If for instance, a company wanted to be able to take a image from the wild from a user and return similar items in their store to the clothing items to the image. Feeding a raw image like the one below would be fairly difficult because there is a very high amount of "noise" in this image. In this case, noise means everything that isn’t an article of clothing. Even if you were able to classify the different types of clothing in the image, it would be hard to return good similar items without localizing to those items first.

So to solve that signal to noise problem, you could use an image segmentation model like my custom trained multi-class Mask R-CNN model. It goes through the image and localizes to the items of clothes.

Then you can use those generated image masks to return just the items of clothes.

The final step would be to call the siamese network that I outlined in this post on those items so you can look for similar known items of clothing.
Here is an example using those pairwise comparisons for easier illustration. The shoe on the left can represent the image in the known shoe we are testing against and the right shoe is a boot that was extracted from the raw input image above.

This first image pair does not have a very good score, so we would say they are not similar.

This set does much better with a score of .43 In this case you could return the boot in the database which is a Stuart Weitzman boot as being similar to the boot seen on the model in the raw input image which is also a Stuart Weitzman boot.
Generalizing Beyond their Training
I have stated that siamese networks are useful because of their ability to generalize beyond what they were trained on. So to showcase this there is also a checkered handbag in the original image I ran my segmentation model over. Since I had this handbag extracted from the original image I decided to run a few tests and found that the shoe trained siamese network performed well in finding similar bags.
The first image shoes the extracted handbag image on the right, matched with a black handbag on the left. The network finds them to be fairly dissimilar with a score of .77

Now onto the second image. Once again we have the extracted handbag on the right, on the left I found an image of a checkered handbag online. The model evaluates these as having a dissimilarity score of .43 which means it thinks they are fairly similar.

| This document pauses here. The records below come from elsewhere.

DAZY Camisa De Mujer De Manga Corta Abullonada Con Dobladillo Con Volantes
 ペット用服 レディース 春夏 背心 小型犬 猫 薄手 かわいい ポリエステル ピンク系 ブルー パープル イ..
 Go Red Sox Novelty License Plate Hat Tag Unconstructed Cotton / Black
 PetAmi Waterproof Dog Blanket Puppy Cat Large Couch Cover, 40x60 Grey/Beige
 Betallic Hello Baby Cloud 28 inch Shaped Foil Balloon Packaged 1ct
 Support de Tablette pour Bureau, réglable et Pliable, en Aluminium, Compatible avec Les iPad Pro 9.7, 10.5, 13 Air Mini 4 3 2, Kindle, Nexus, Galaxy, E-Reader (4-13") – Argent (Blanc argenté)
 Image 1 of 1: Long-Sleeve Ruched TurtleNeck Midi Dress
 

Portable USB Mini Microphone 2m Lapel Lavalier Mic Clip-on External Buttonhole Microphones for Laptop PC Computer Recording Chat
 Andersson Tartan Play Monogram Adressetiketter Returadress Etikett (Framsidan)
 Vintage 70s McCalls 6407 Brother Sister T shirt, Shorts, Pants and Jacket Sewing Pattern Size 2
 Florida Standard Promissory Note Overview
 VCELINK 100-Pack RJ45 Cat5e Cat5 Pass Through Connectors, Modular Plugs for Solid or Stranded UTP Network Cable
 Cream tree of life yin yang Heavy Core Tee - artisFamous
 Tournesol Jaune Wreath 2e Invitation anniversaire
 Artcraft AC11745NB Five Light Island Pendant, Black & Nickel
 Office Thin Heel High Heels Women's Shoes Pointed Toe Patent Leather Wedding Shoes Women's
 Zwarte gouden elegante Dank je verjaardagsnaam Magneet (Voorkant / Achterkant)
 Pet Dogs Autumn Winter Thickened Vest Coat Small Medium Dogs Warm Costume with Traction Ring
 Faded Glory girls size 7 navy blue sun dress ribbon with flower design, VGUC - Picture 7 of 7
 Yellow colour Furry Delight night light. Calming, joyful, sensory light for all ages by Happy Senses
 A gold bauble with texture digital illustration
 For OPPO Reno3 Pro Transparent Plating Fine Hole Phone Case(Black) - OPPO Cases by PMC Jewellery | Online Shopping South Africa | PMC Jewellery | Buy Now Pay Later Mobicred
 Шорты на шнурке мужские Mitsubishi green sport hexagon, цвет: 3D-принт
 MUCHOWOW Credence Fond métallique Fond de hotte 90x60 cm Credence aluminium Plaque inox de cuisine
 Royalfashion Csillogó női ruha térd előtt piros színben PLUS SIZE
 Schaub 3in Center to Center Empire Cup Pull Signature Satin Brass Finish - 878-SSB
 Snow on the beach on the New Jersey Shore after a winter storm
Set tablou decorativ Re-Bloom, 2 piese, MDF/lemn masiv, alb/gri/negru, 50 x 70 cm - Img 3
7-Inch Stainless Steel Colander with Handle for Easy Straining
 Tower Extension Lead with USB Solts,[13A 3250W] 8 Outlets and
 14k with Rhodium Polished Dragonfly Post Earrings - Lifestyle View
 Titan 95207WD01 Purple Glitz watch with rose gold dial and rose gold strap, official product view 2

This last bit was a cool little test that I was unsure my siamese network trained on a small set of images would be able to pass. I am guessing it helps that the checkered pattern makes the bag fairly distinctive. However this still illustrates the idea that siamese networks can generalize to types of images they have not been explicitly trained on.
Closing Thoughts
In this post I walked through what siamese networks are, why they are useful, how I built this one, and how to use one as a second stage model to allow you to match items from an image from the wild against a repository of clothes.
This post in combination with my previous image segmentation post show how to build a possible full end-to-end Deep Learning pipeline to address some very real business concerns in a variety of areas, not just clothing. It does not even have to be the specific models that I showcased here.
For a first stage model you may not need a full image segmentation model, maybe just a simple object detection model would work. This would make training much faster since it is easier to build object detection datasets rather than a full image segmentation one.
For the second stage I showcased how a siamese network could be useful to build feature embeddings. I really like how siamese networks can generalize well beyond what they were trained on, but you could do this task with a model which has been trained to classify images for that particular domain and then repurpose it for feature extraction. Personally I like using a siamese network here because it is trained explicitly to do similarity comparisons rather than repurposing another model to do that job.